A real solution would be to get a single DNS hostname from Amazon which would contain both IPv6 and IPv4 (AAAA and A records) which will reliably reach our load balancers, without the need to monitor for IP address changes, or add new proxy machines to our operational environment!

CloudFront to the Rescue

After consulting with a friend who’s an engineer with Amazon the simplest solution (with the added benefit of giving us lower latencies and DDoS protection) would be to setup a non-caching CloudFront distribution, the origin of which would be our production Elastic Load Balancer. When creating a CloudFront distribution it is possible to enable IPv6, and by allowing all HTTP methods, and choosing to forward all HTTP headers, and to forward all cookies and query string parameters, you’ve created a non-caching IPv6 accessible CloudFront distribution.

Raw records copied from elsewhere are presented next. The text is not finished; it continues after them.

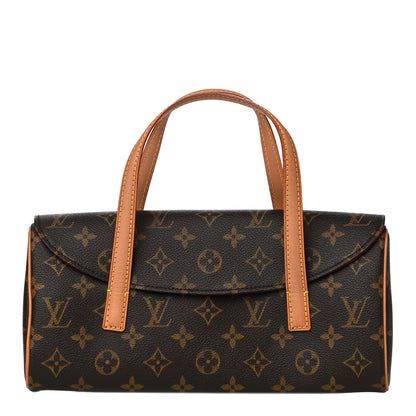 Louis Vuitton Monogram Sonatine 1 of 11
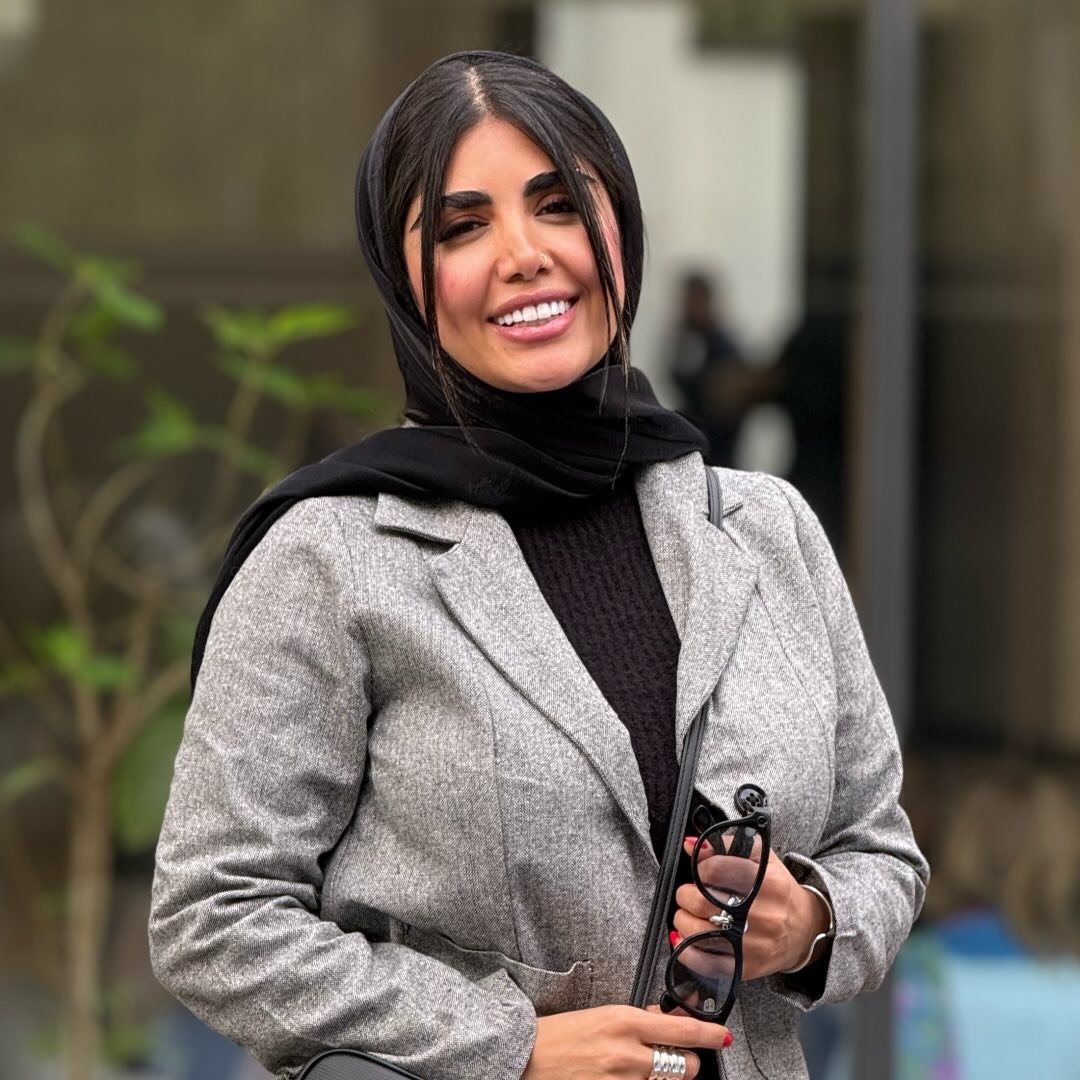  عکس پروفایل اینستاگرام نگين عابدزاده / negin_abedzade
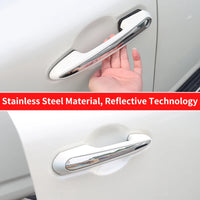 Thumbnail for Chrome Door Handle Bowl  For 2022 2023 2024 Toyota Land Cruiser 300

CloudFront Default Cache Behavior Settings

Relevant sections highlighted in red

CloudFront Distribution Settings

Relevant sections highlighted in red

Migrating

Since the new setup means having a CDN in front of our API, which essentially means deploying a distributed caching system in front of an API which almost by definition can be dangerous to cache accidentally, and we also rely on our own custom HTTP headers for identifying different client platforms and versions.

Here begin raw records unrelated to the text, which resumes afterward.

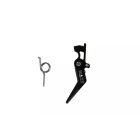 Język spustowy CNC Aluminum Advanced Trigger (Style A) - czarny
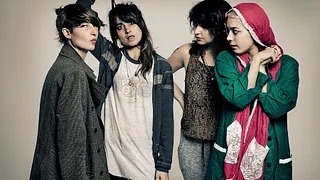 Warpaint en concert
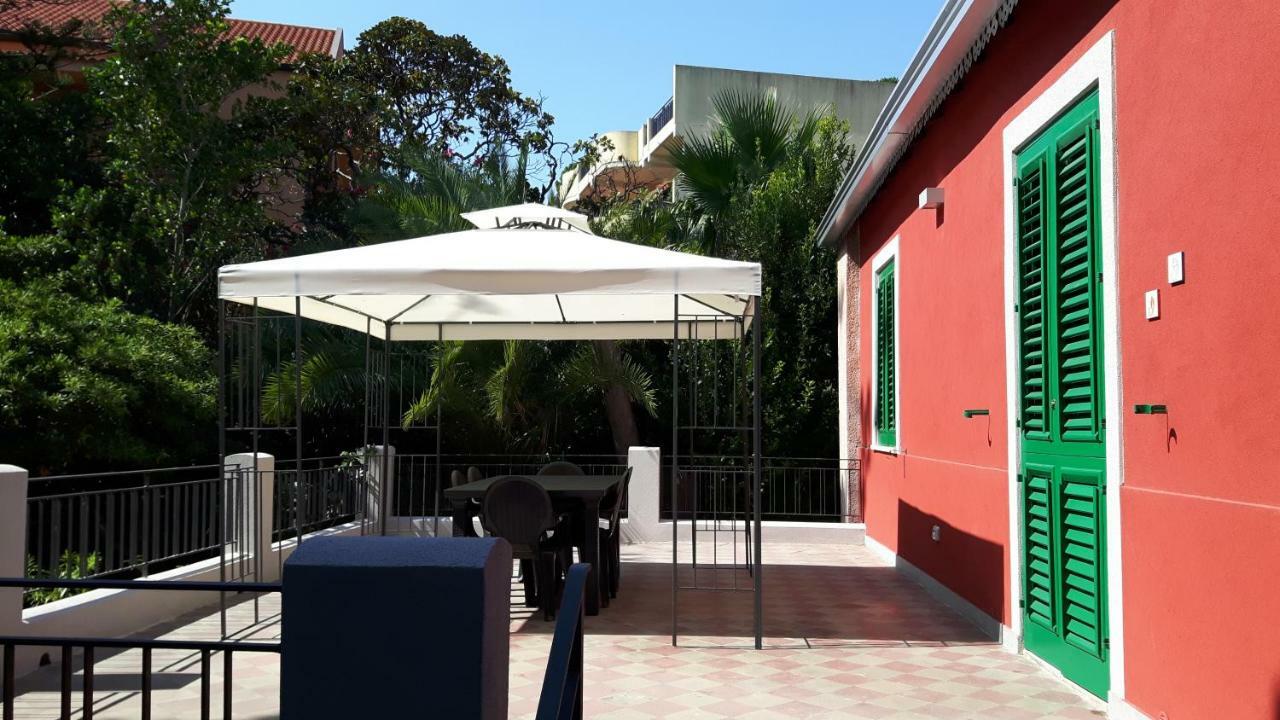 Giardino Labruto Leilighet Messina Eksteriør bilde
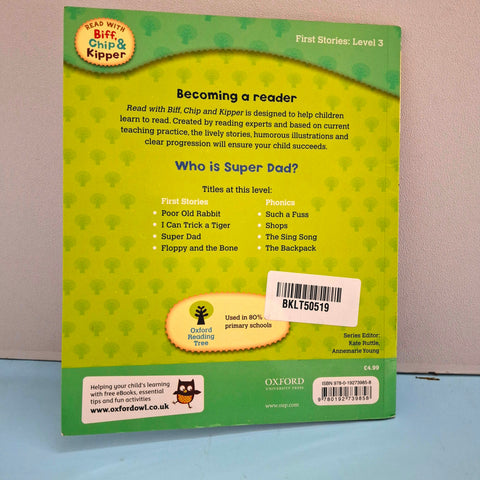 Super Dad - BKLT50519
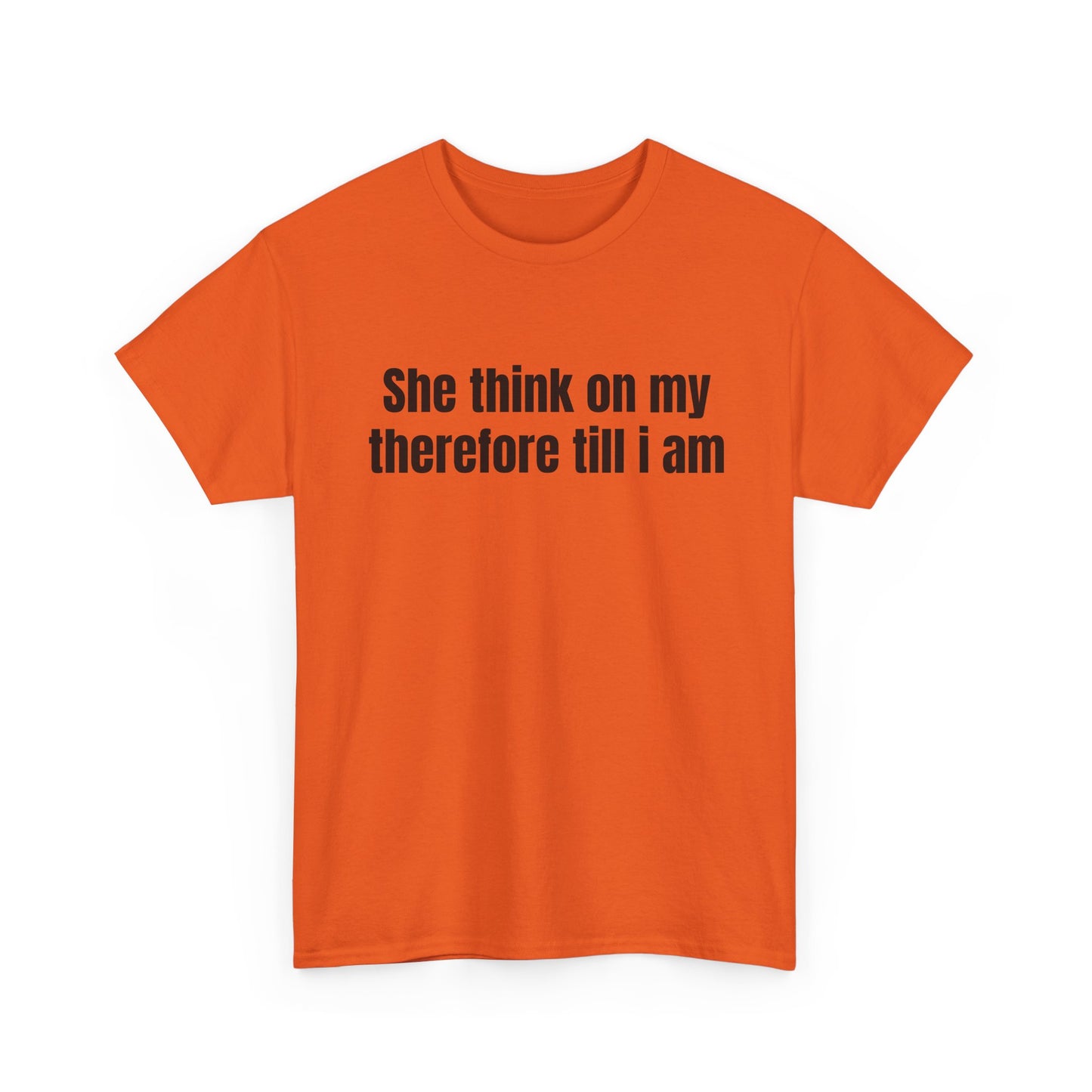 Therefore Tee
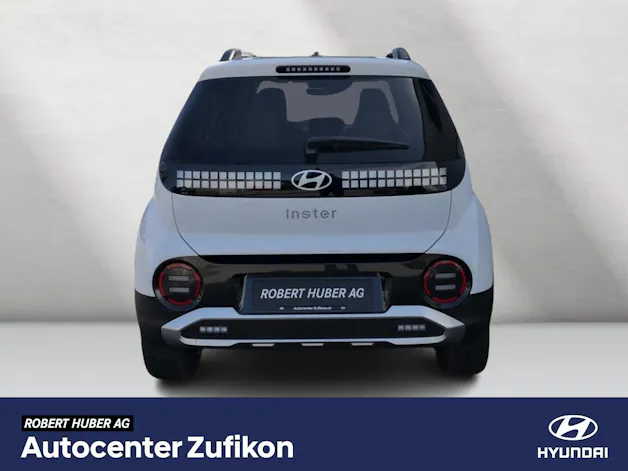 Hyundai Inster 49kWh Vertex // der agile Stadtflitzer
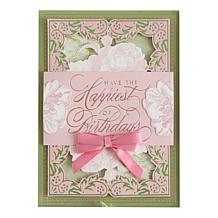 "As Is" Anna Griffin® Color Drenched 5" x 7" Card Stock 24-pack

In short: we don’t want to switch all of our traffic onto CloudFront in one go as some insidious bugs might surface, and due to the aggressive caching and TTL ignoring of many large ISPs and DNS providers, the fallout could be rather painful.

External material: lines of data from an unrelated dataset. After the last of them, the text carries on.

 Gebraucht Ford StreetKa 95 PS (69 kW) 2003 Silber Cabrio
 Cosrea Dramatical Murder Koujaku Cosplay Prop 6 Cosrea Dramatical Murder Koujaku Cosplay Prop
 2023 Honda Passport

To migrate gradually to our new CloudFront distribution I then decided to change our main API DNS entry to a set of weighted records, starting with 99% of lookups receiving my workaround solution, and 1% the new CloudFront distribution.

Migrating to the new setup

Weighted DNS records allow a gradual switch

In a few days, if we have no issues with the new setup we can change the weights on those records to gradually move more traffic over to CloudFront, or all at once.

Final Setup

On top of getting the IPv6 support we need to avoid any random rejections at Apple, we’ll also benefit from better latencies and we are in a stronger position to deal with any DDoS attacks. Although this is an annoying problem due to inconsistent testing at Apple, and the fact that our cloud provider has not fully embraced IPv6, I am very pleased with this solution, and hope it can be of help to others.

Final Setup with CloudFront

Simple and resilient

Note that in the last diagram actual IP’s have been replaced with a.b.c.d, as we no longer depend on knowledge about those specifics further up in the stack.

This is an example of the same principles of building clean abstractions most developers know from writing software, but applied to systems design where they are of course equally important.

The chain leading up to the ELB should not need to know or care about the actual machines/IP’s comprising the load balancer. The fragility and complexity of the first solution can be mostly attributed to that leaky abstraction, which we have now gotten rid of completely.

Conclusions

IPv6 is coming, and I (we?) can no longer avoid dealing with it and learning more about it. Albeit random and potentially unfair this occurrence did trigger that, and in the end our API is more robust and flexible than before.

I hope our experience can help other app developers on AWS backends, although the CloudFront solution could be used by anyone with a HTTP/HTTPS accessible API.